Incidentally, I believe that Anne is a better writer than she's been given credit for, and Charlotte is partially to blame for this. After her sisters died, she reissued Emily's Wuthering Heights and Anne's Agnes Grey. She chose not to republish Anne's Tenant of Wildfell Hall. "She hardly thought it worth preserving. The choice of subject had been a mistake; Anne had written it 'under a strange conscientious half-ascetic notion of accomplishing a painful penance and severe duty.'"
That quote is from Rebecca Fraser's biography of the Brontes; there doesn't seem to be a citation but I guess those are Charlotte's words. If so, I've read the book and I do not understand what Charlotte was on about. The Tenant of Wildfell Hall is about alcoholism.

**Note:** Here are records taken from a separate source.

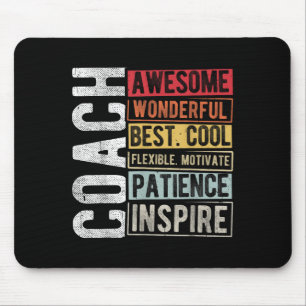 Coach Awesome Wonderful Best Cool Motivational Coa Mouse Mat
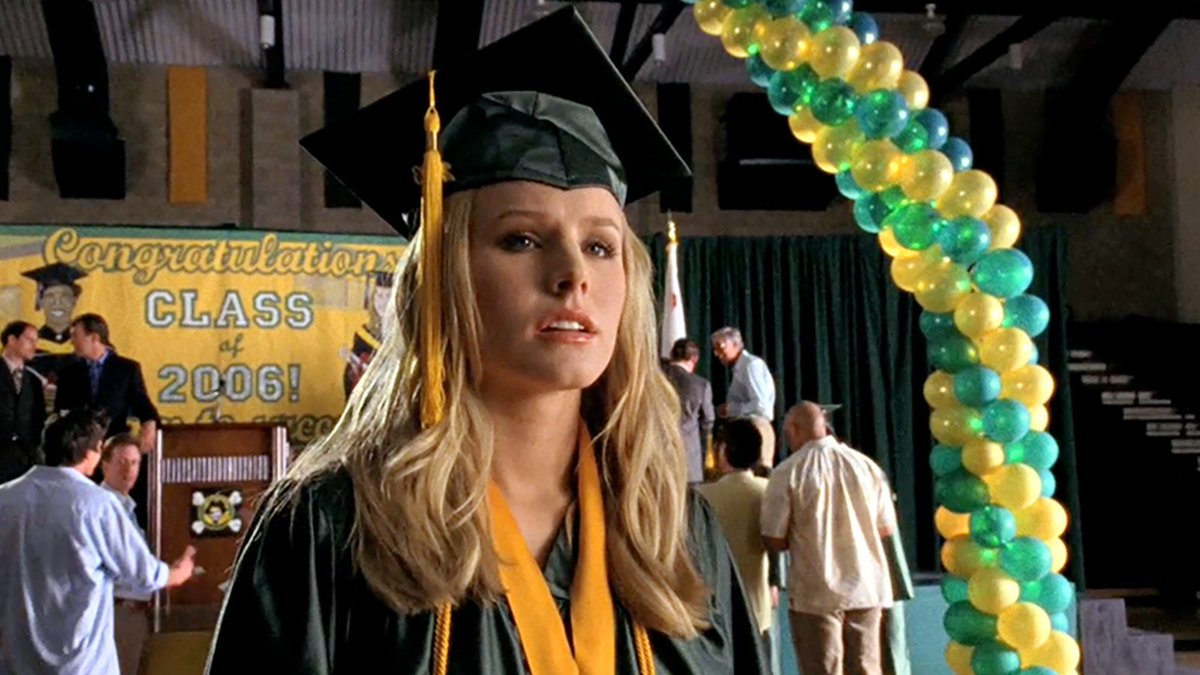 gopiratespod's tweet photo. "How come Donna Martin got to do this with her class?" - #VeronicaMars contemplates the end of HS, S2 https://t.co/XkAm9wAcuE https://t.co/Py11DQUF0M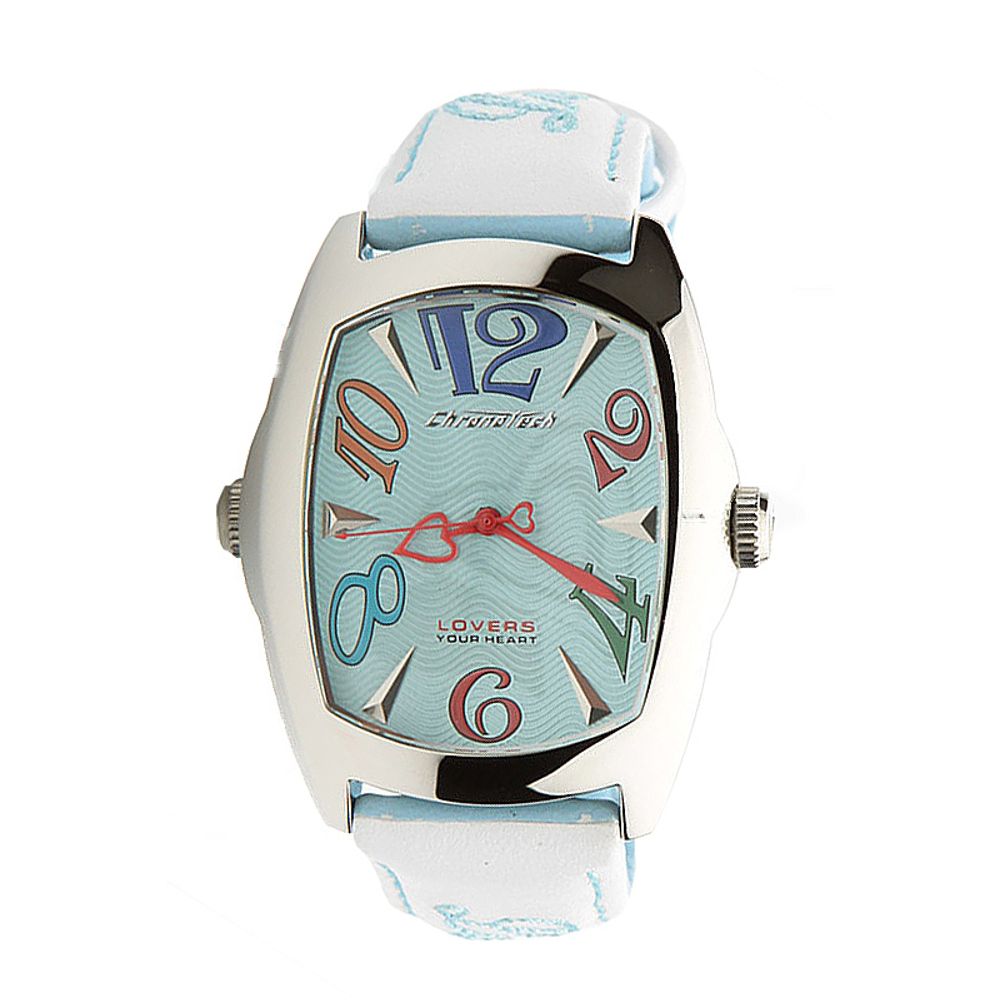Chronotech Blue Leather Dress Watch Chronotech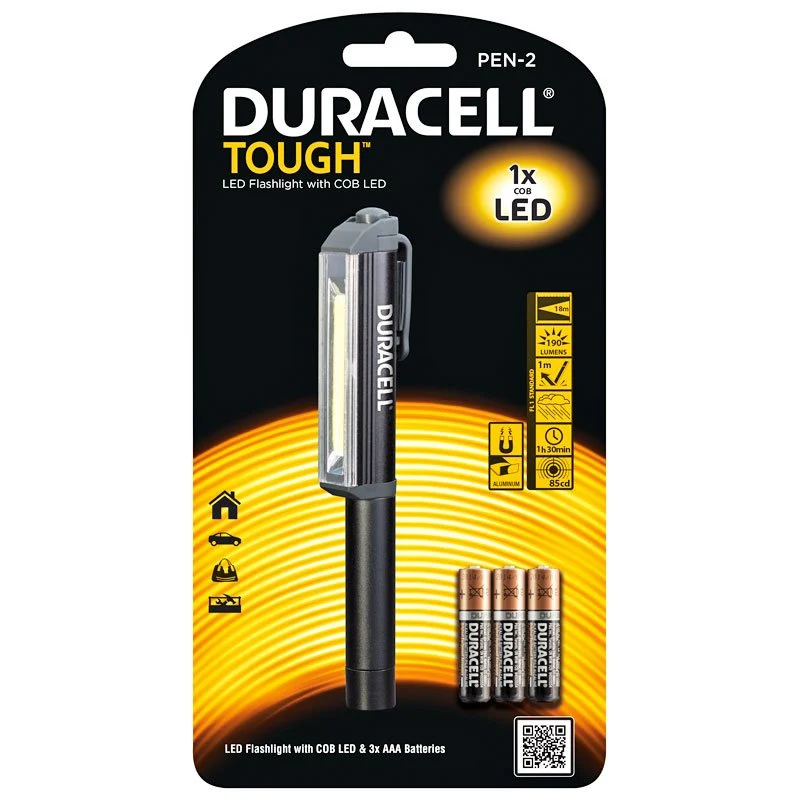 Duracell Touch PEN-2 LED Leuchtstift ultrahell mit bis zu 190 Lumen
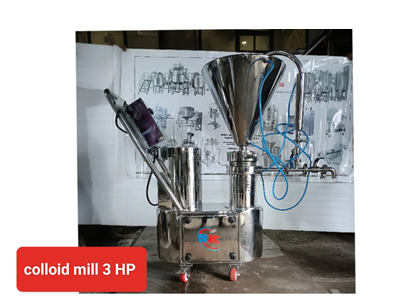 colloidmill3hpmanufactuer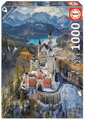 EDUCA Puzzle Zámek Neuschwanstein ze vzduchu 1000 dílků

We believe that Anne's primary experience with alcoholism was the deterioration and death of her brother Branwell - a long ordeal which affected Charlotte deeply as well, since she and Branwell were very close (arguably, closer than Charlotte and Emily, considering the fact that they were writing partners.) It seems likely to me that Anne was more objective on the subject than Charlotte -- in fact, one of the unusual things about Tenant of Wildfell Hall is its objectivity, a trait lacking in other Bronte works. It's not a bad book; I would not even call it a "painful" book, especially not when compared with Charlotte's Villette.
Anyway. I wanted to write about Emily. But that anecdote does illustrate how Charlotte controlled the work and reputations of her sisters after their death, and how she may have misinterpreted them.
One last fact: Emily spent the last year of her life working on her second novel. We only know that because she mentioned it in a letter to her publisher. We know nothing else about it, not even the title. What happened to the manuscript? Was it deliberately destroyed - and if so, by whom?